## [What needs to be done]
Where an entry below contains an image, skip the image and reproduce the rest exactly.

[Items from a dataset]
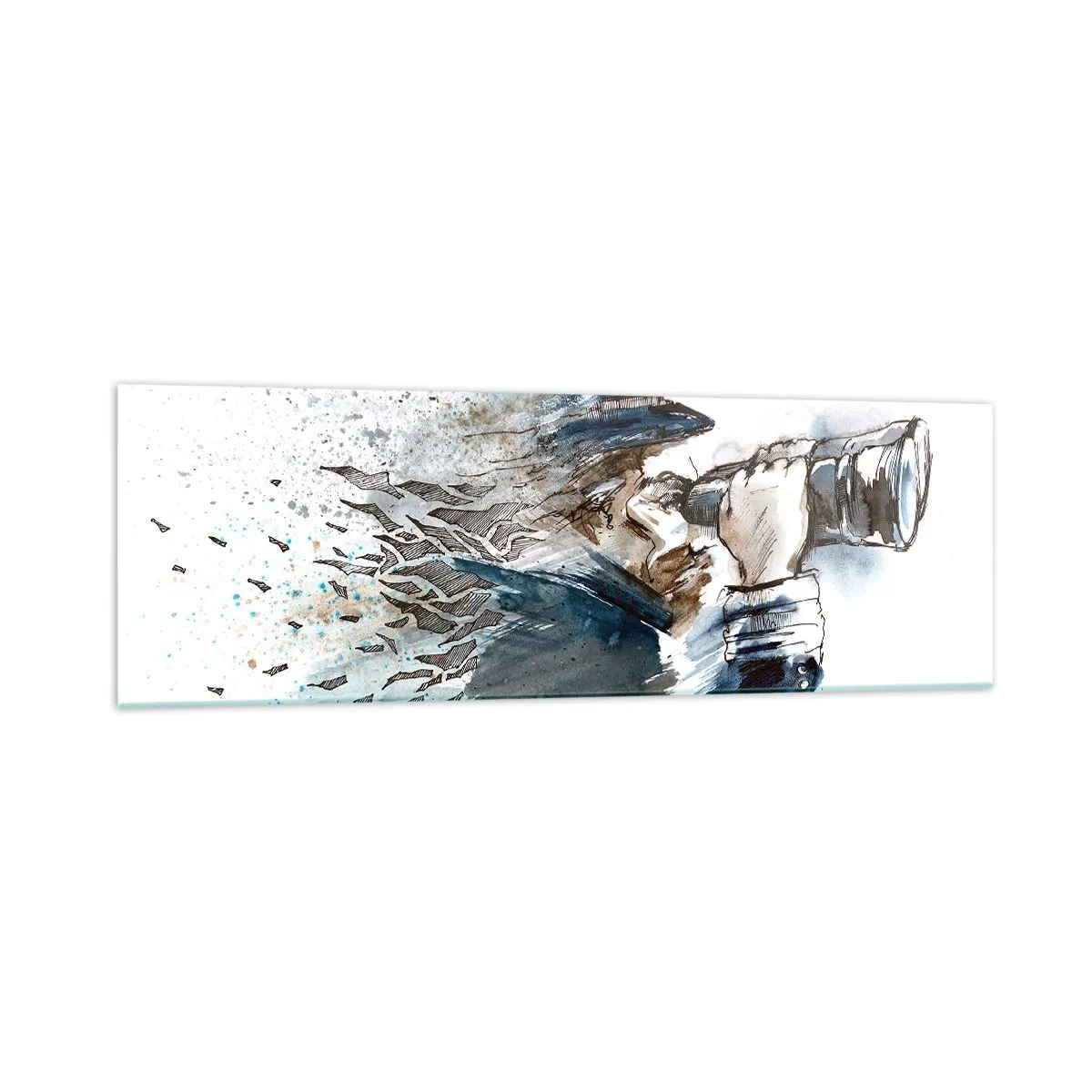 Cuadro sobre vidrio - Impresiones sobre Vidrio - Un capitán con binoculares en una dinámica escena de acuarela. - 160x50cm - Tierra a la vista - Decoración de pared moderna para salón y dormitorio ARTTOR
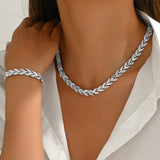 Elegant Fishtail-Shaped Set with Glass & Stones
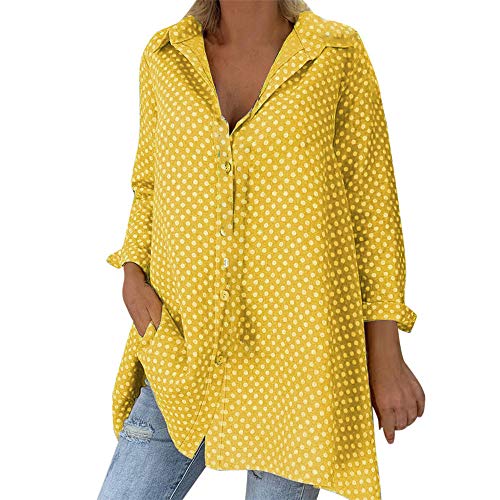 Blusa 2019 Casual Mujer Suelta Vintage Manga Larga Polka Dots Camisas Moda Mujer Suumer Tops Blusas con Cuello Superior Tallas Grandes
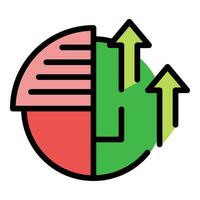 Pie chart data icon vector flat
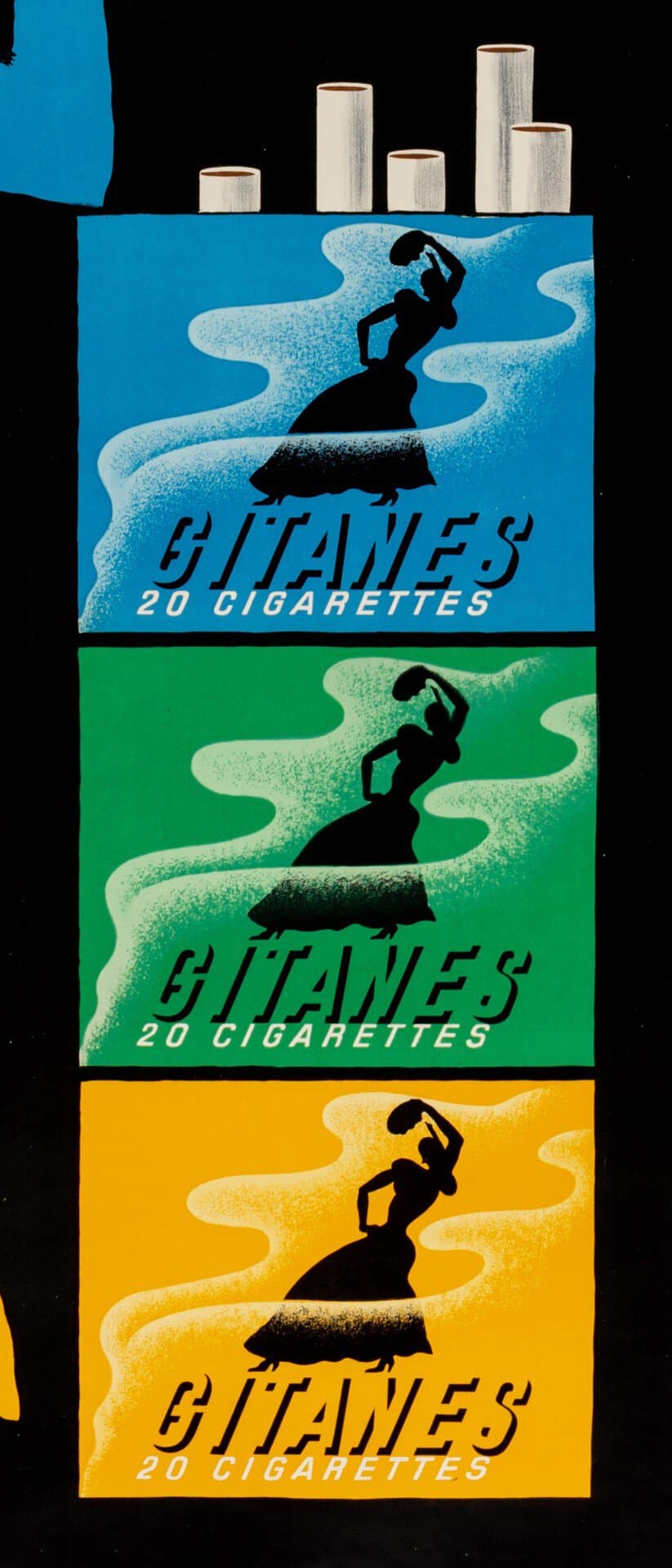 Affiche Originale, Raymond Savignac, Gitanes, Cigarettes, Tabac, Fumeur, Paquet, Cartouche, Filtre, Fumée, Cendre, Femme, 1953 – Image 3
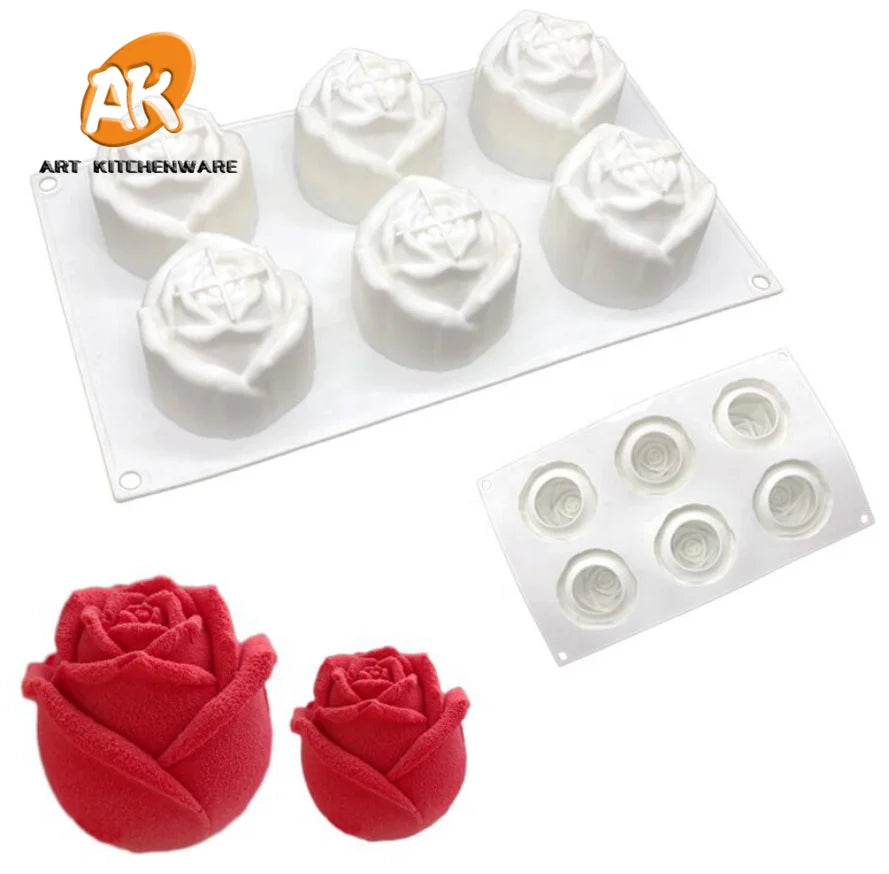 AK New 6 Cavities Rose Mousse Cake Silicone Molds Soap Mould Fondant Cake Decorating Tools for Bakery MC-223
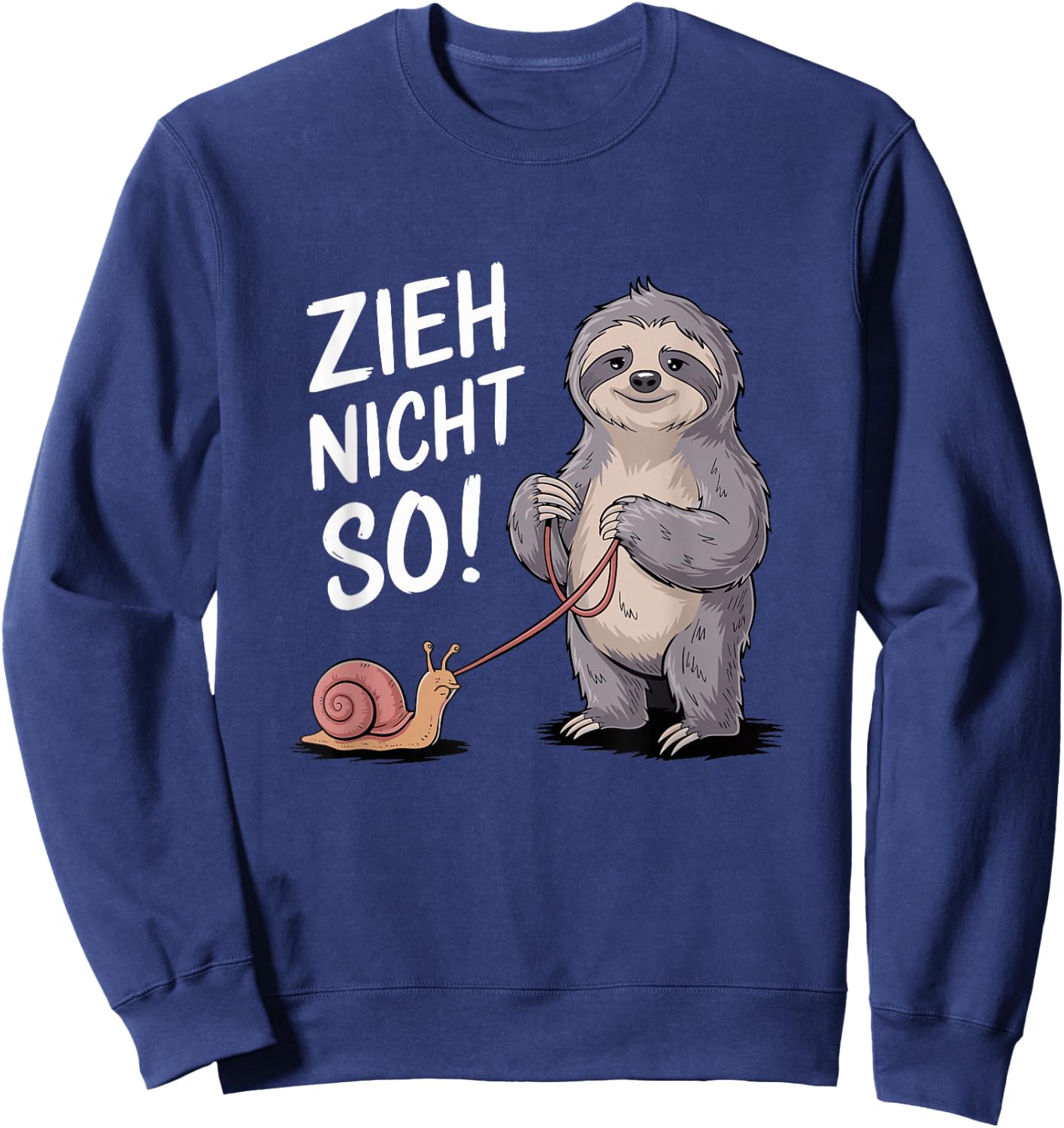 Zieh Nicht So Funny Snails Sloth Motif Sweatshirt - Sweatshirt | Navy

## [Solution to the exercise]
 Cuadro sobre vidrio - Impresiones sobre Vidrio - Un capitán con binoculares en una dinámica escena de acuarela. - 160x50cm - Tierra a la vista - Decoración de pared moderna para salón y dormitorio ARTTOR
 Elegant Fishtail-Shaped Set with Glass & Stones
 Blusa 2019 Casual Mujer Suelta Vintage Manga Larga Polka Dots Camisas Moda Mujer Suumer Tops Blusas con Cuello Superior Tallas Grandes
 Pie chart data icon vector flat
 Affiche Originale, Raymond Savignac, Gitanes, Cigarettes, Tabac, Fumeur, Paquet, Cartouche, Filtre, Fumée, Cendre, Femme, 1953 – Image 3
 AK New 6 Cavities Rose Mousse Cake Silicone Molds Soap Mould Fondant Cake Decorating Tools for Bakery MC-223
 Zieh Nicht So Funny Snails Sloth Motif Sweatshirt - Sweatshirt | Navy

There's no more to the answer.